MemDis

Desciption of the server

Transmembrane proteins (TMPs) are located in different membranes and they provide gates between the inner and outer side of cells or organelles. From a structural point of view, regions embedded in the membrane are highly ordered, however tails and connection loops may contains flexible segments that can serve as linkers, binding sites or exhibit short linear motifs.

MemDis is the first disordered prediction method that is specific to membrane proteins. Both during the construction of dataset, and training of our methos we considered the special characteristics of transmembrane proteins.

MemDis was trained using x-ray chrystallography data: we used the MobiDB database as source, and selected only those proteins, where 90% of the structures were in agreement. Electron densities, and therefore coordinates belonging to residues and segments that cannot have a stable structure are missing from the final structure – giving a complement indication of protein disorder. We selected these regions along with ordered segments and trained convolutional neural networks (CNNs) and bidirectional long-short term memory (LSTM) networks to predict disorder propensity (Figure 1).

Figure 1: Data preparation for the training of MEMDIS. First we selected protein fragments based on the available PDB information. Extracellular distant (distance from membrane >15 AA), proximal (<15AA) and intracellular distant, proximal residues from these fragments were fed into the appropriate CNN, also considering information from residues within 5AA from the residue of interest. The LSTM was trained on the full length protein fragments considering the preceding 10AA.

MemDis separates different subcellular localizations based on protein topology: tail and loop segments of membrane proteins are further divided into intra and extracellular, membrane proximal and distant regions – we trained different CNNs for each localization as segments are exposed to different environments, that can affect folding. In addition MemDis also considers membrane protein specific features, such as topology, length of membrane segments (carrying informormation about the tilt of the segments) and more.

We evaluated MemDis on an independent test set, that do not share similar sequences to the train and validation sets. We measured the accuracy of popular disordered prediction methods and compared them to MemDis sensitive and specific settings. MemDis outperforms currently available state-of-the-art methods on this membrane protein specific dataset (Table 1). Although some methods may offer similar or slightly higher specifcity, however they barely predict disordered residues at all. In contrast MemDis produces the highest MCC, AUC and Balanced accuracy values.

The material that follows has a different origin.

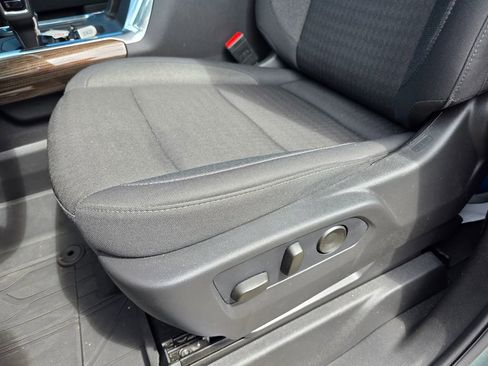 New 2026 Chevrolet Silverado 1500 LT w/ Convenience Package II image 11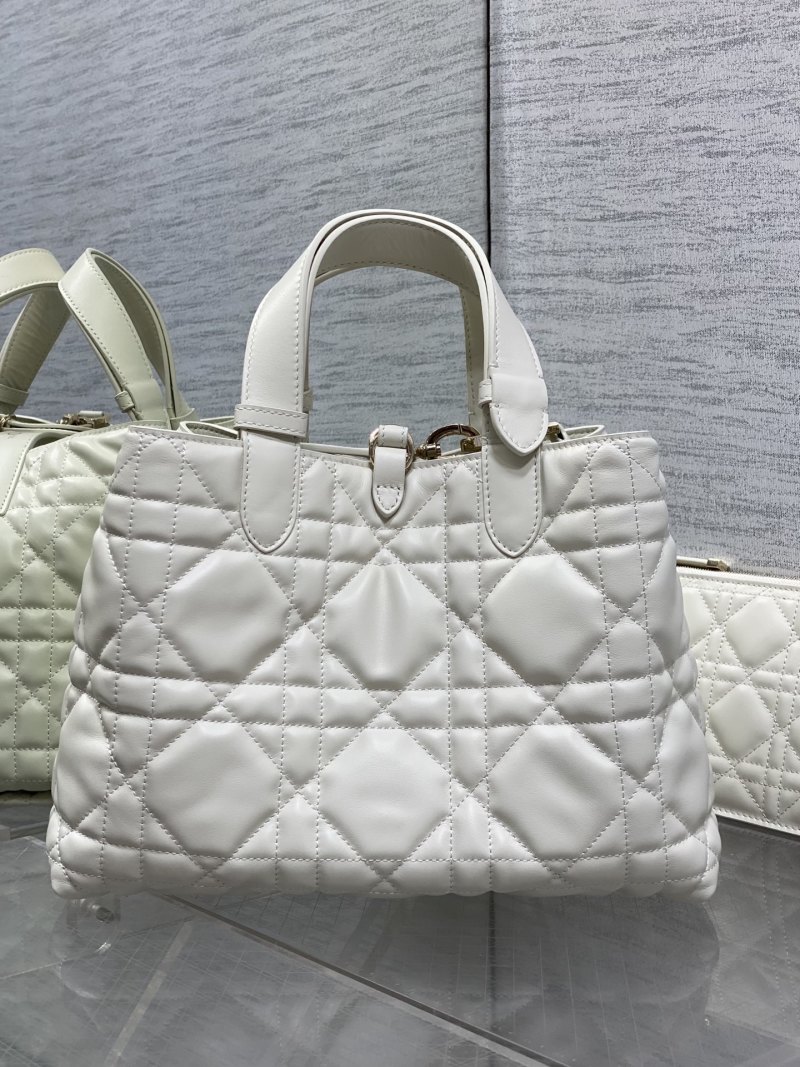 Сумка Dior Toujours белого цвета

Method	True Positive	False Positive	False Negative	True Negative	Balanced Accuracy	Sensitivity	Specificity	Matthew's Correlation Coefficient	Positive Prediction Value	F1 Score	Segment overlap	Area Under Curve
Disembl rem465	1460	313	3199	5124	0.63	0.31	0.94	0.34	0.82	0.45	0.72	0.77
IUPred long	1441	264	3218	5173	0.63	0.31	0.95	0.35	0.85	0.45	0.63	0.78
Disembl hot loops	2350	1086	2309	4351	0.65	0.50	0.80	0.32	0.68	0.58	0.67	0.74
IUPred short	1650	340	3009	5097	0.65	0.35	0.94	0.37	0.83	0.50	0.67	0.79
Espritz DisProt	391	228	4268	5209	0.52	0.08	0.96	0.09	0.63	0.15	0.57	0.67
Espritz NMR	2217	762	2442	4675	0.67	0.48	0.86	0.37	0.74	0.58	0.72	0.75
Espritz X-ray	1758	351	2901	5086	0.66	0.38	0.94	0.38	0.83	0.52	0.73	0.76
GlobPlot	1476	611	3183	4826	0.60	0.32	0.89	0.25	0.71	0.44	0.60	0.45
MemDis specific	2220	291	2439	5146	0.71	0.48	0.95	0.49	0.88	0.62	0.76	0.84
MemDis sensitive	3258	1030	1401	4407	0.75	0.70	0.81	0.51	0.76	0.73	0.78	0.83

We also checked a handful of well defined examples where the output of MemDis is supported by literature evidences. (Figure 2).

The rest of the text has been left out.